*** Block opens ***

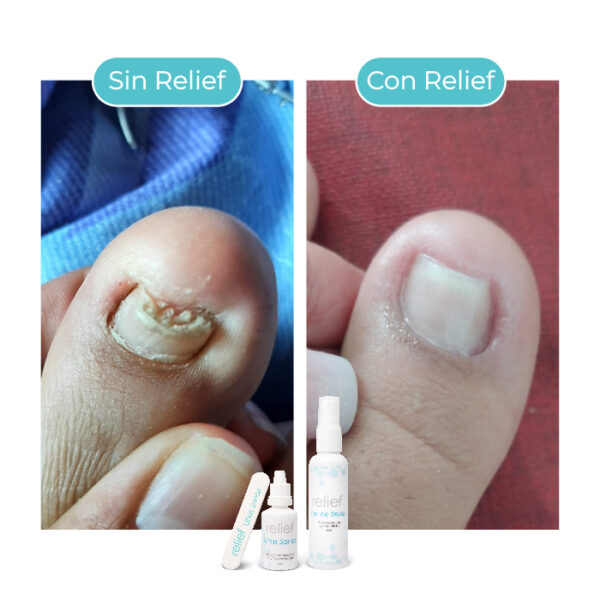 UÑAS SANAS: Gotas para hongos en las uñas - Imagen 4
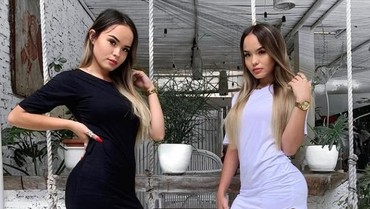 Bibir The Connell Twins Jadi Sorotan, Sosok Lucinta Luna Ikut Terseret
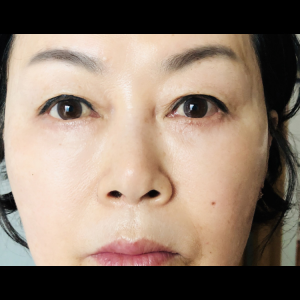 눈밑지방재배치<br>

*** Block closes ***

Try it
Your job is to restate, word for word, only the lines from the one holding "Bibir The Connell" through the end of the material; pictures stay out.

Expected answer
 Bibir The Connell Twins Jadi Sorotan, Sosok Lucinta Luna Ikut Terseret
 눈밑지방재배치<br>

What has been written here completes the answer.